🚰 Money's on the tab if you know to ask
Assistance is available in Coralville for people's water bills. But despite the city administering both assistance and water, they aren't crediting eligible accounts.
February 23, 2021 | Letter. No. 36
Depending on where you lived, an unpaid water bill might have resulted in shutoff or nothing at all.
Back in March 2020, many municipalities deferred their late fees and shut-offs for delinquent water bills.
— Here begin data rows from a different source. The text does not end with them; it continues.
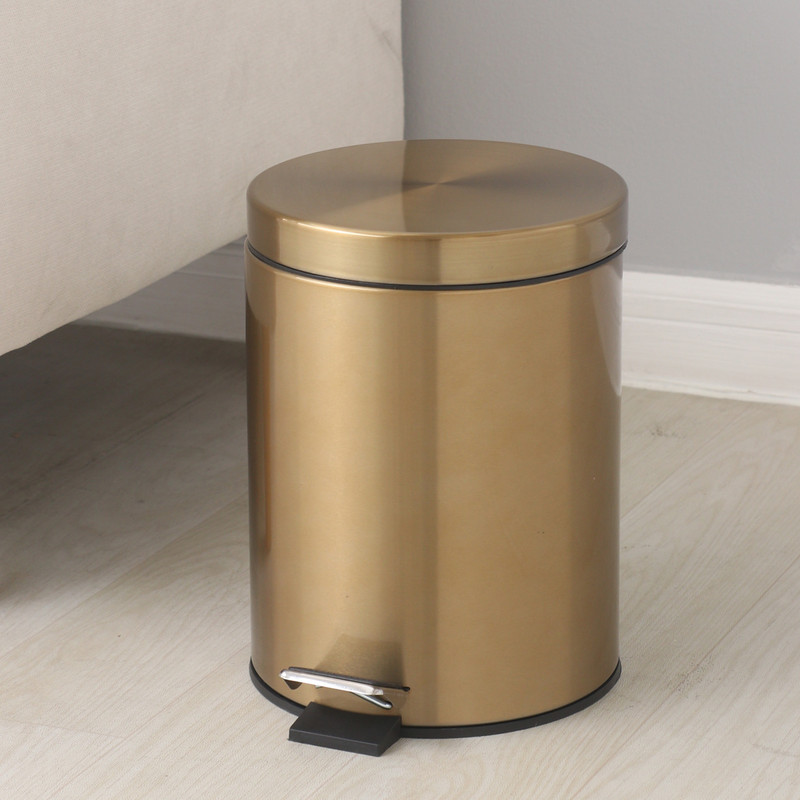 5L Stainless Steel Round Trash Can With Lid And Foot Pedal for Household Kitchen Hotel-Champagne Gold - Image 6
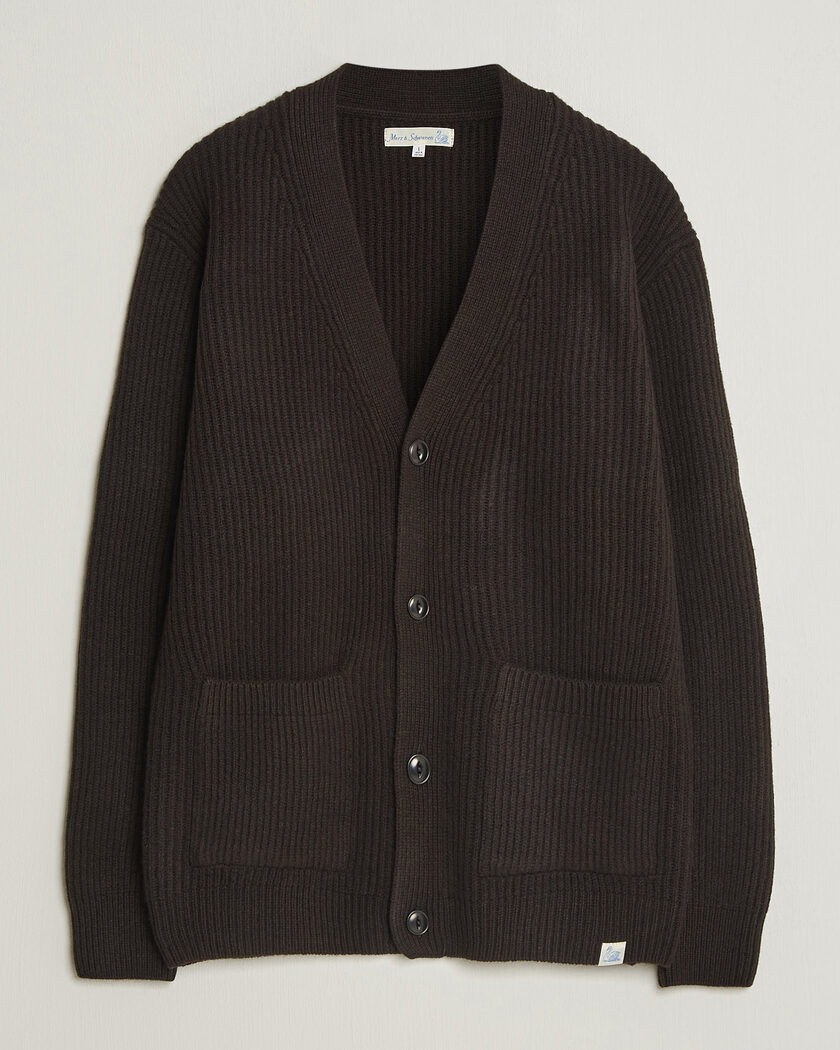 Merz b. Schwanen Merino/Cashmere Knitted Cardigan Espresso – Brown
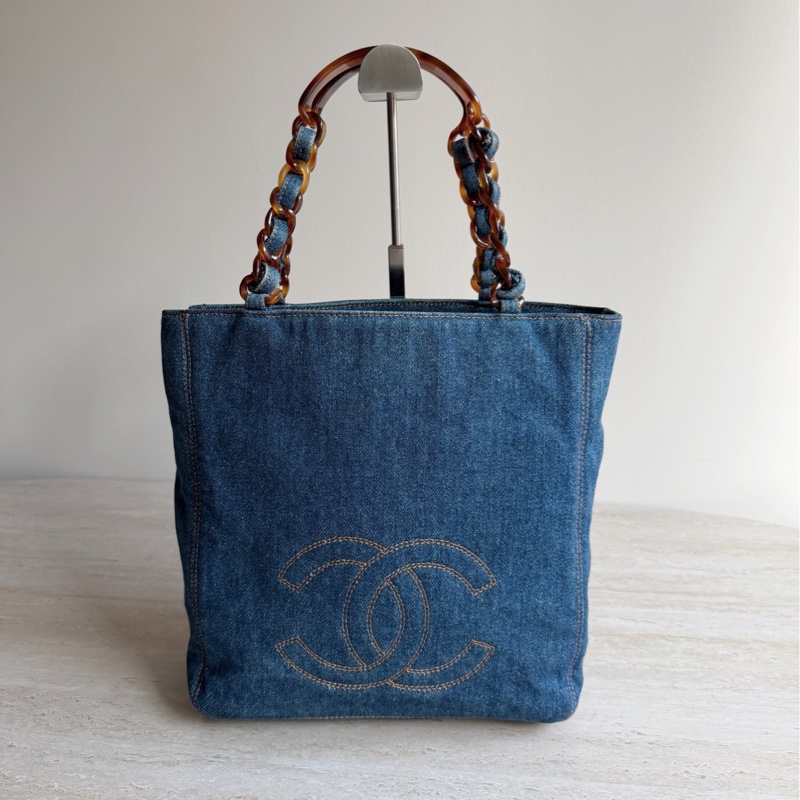 Chanel香奈兒 中古牛仔拼玳瑁手提包  底長約25。-2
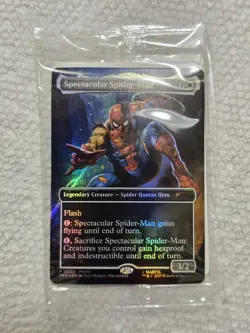 Marvel Legends Magic The Gathering Spider-Man Battle Damaged CARD ONLY - Image 1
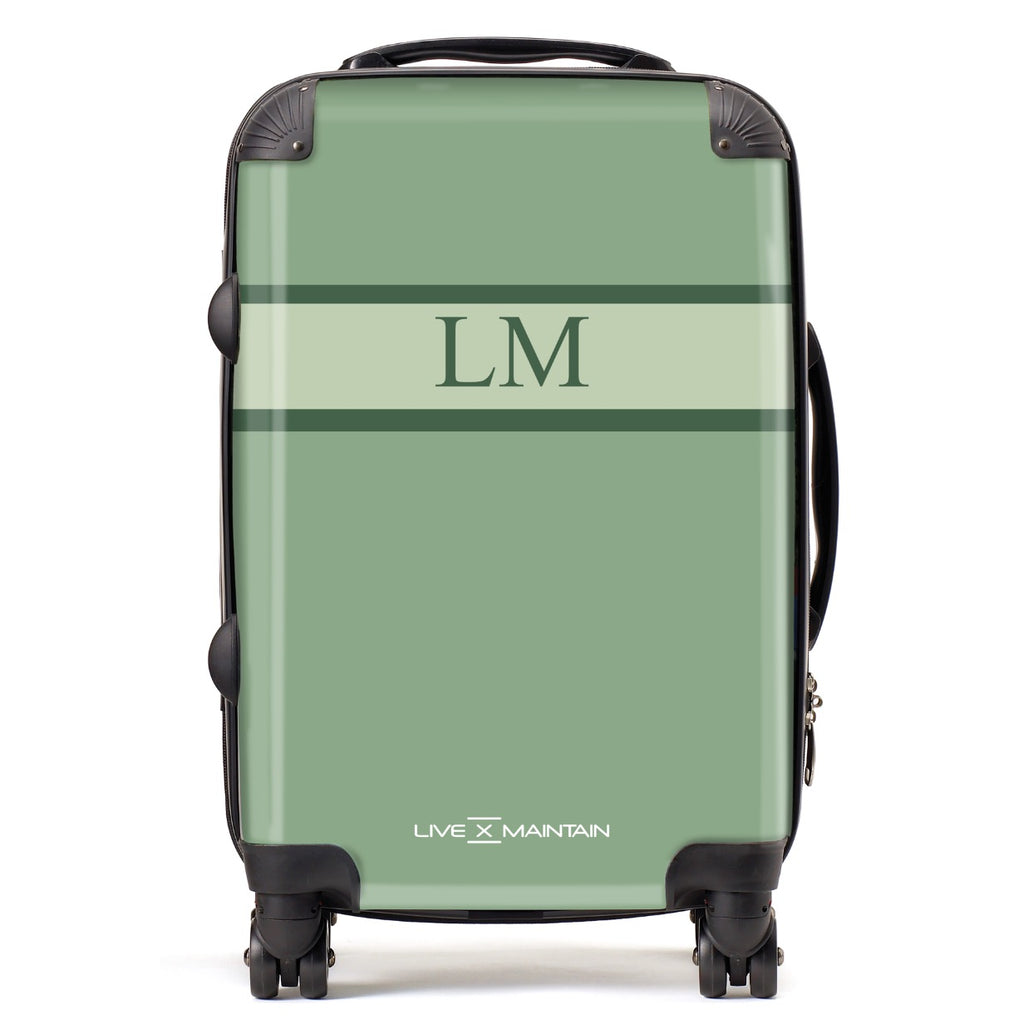 Personalised Matcha Green Stripe initials Suitcase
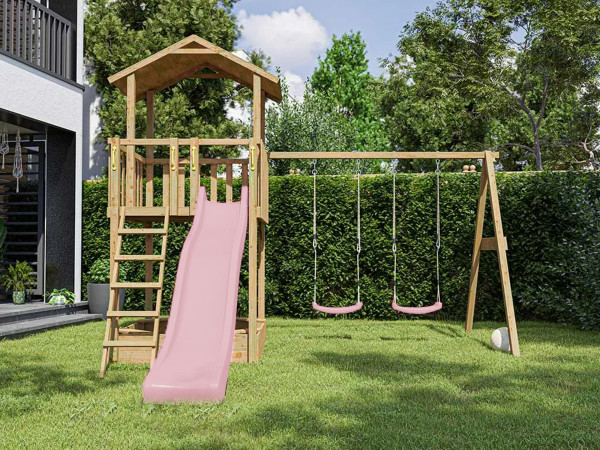 Geïmpregneerde speeltoren Tilly Classic met dubbele schommel incl. pastel-roze glijbaan en schommelz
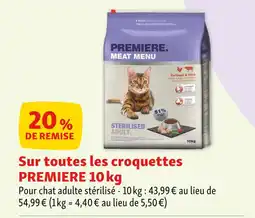 Maxi Zoo PREMIERE 20 % de remise sur toutes les croquettes premiere 10kg offre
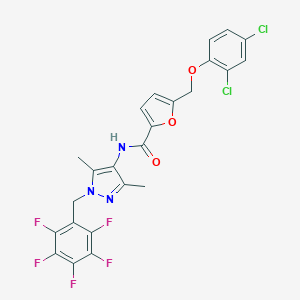 molecular formula C24H16Cl2F5N3O3 B456419 5-[(2,4-dichlorophenoxy)methyl]-N-[3,5-dimethyl-1-[(2,3,4,5,6-pentafluorophenyl)methyl]-4-pyrazolyl]-2-furancarboxamide 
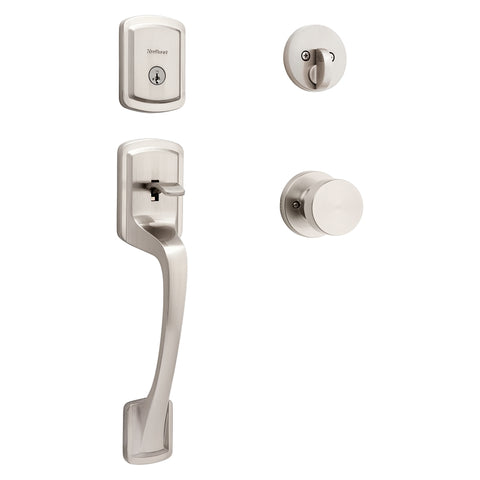 Kwikset Signature 818PGHXPSK 15 RDT SMT Handleset with Pismo Knob, Grade 3 Grade, Metal, Satin Nickel, KW1 Keyway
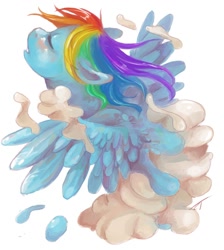 Size: 1224x1368 | Tagged: safe, artist:fyrecalla, rainbow dash, pegasus, pony, blue coat, blue wings, female, mare, multicolored mane, simple background, smiling, solo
But following the summer, Coralville kicked off its fees and shut-offs anticipating a loss in revenue.
A 2020 survey from the Affordable Housing Coalition found that 15% of its respondents were behind on utility bills between March and June of that year and had used contributions from family or friends to cover their costs; 33% had relied on those networks to cover rent or mortgage; and those behind on payments were more than twice as likely to lean on family and friends to meet their obligations.
Federal money is incoming to help residents pay these bills, but the money being available doesn’t meant the money will be used. Is this pass-through is coming to cities like Coralville. But rather than that money going straight to outstanding bills on the city’s records, residents who think they are eligible must contact the city to get their bill taken care of.
This assistance is significant: capable of funding up to 12 months of rent and utility payments between March 13, 2020, until Sept. 30, 2021 — 12 months. That could be a serious leg-up for a household in the red.
If they know it’s there.
Zachary Oren Smith
(If you tune in to KRUI 89.7, the UI station, you’ve probably heard—maybe overheard—the wistful overtures of Nick Drake. While overplayed in this town, Drake’s somber rub of a voice is a balm on these snowmelt days.)
🚔 Defund the police? Defund cities. - The Republican-controlled Iowa Legislature is pushing forward a bill to deny all state funding to cities and counties that reduce their police budgets.
💸 Republicans to cut unemployment benefits - In the case of a layoff, Iowans benefit from unemployment benefits, helping workers stay above the water in the short term. But Legislative Republicans feel last year’s drain on the unemployment trust fund demands action. They’ve proposed a bill requiring workers to wait a week after a lay off before being eligible for unemployment benefits, reducing the benefit amount paid to workers with multiple dependents and cutting worker benefits by 13 weeks in the case of business closure, The Gazette reported. If passed, the bill wouldn’t go into effect until 2022.
🗳️ Cutting early voting period - Compared to its peers, Iowa has enjoyed a fairly progressive early voting policy. But the Iowa Legislature is taking a scalpel to it: reducing the early voting period by 9 days from 29 days to 20. Further, it bars county auditors from mailing absentee ballot requests without a voter requesting one and from setting up satellite voting sites unless petitioned, creating criminal charges for county auditors who disobey state rules. (They’re watching you, Travis.)
🏞️ Not near my park - The public showed out during an Iowa City P&Z meeting blocking a housing project adjacent to Hickory Hill Park. The land, owned by ACT, Inc., south of Scott Boulevard and West of 1st Avenue. Little Village reported Axiom Consultants’ proposal features 43 detached single-family residential homes and 10 detached single-family condominium dwelling units over 39.37 acres. The remaining 9.38 acres would be developed with a senior living facility, which will contain approximately 135 bedrooms for its residents.
🚜 Vilsack back in the saddle - Former Iowa Gov. Tom Vilsack will reprise his role as U.S. secretary of agriculture. Vilsack occupied the role from 2009 to 2017. This write-up from the Register features U.S. Sen. Bernie Sanders of Vermont and his reservations about Vilsack’s “corporate ties.”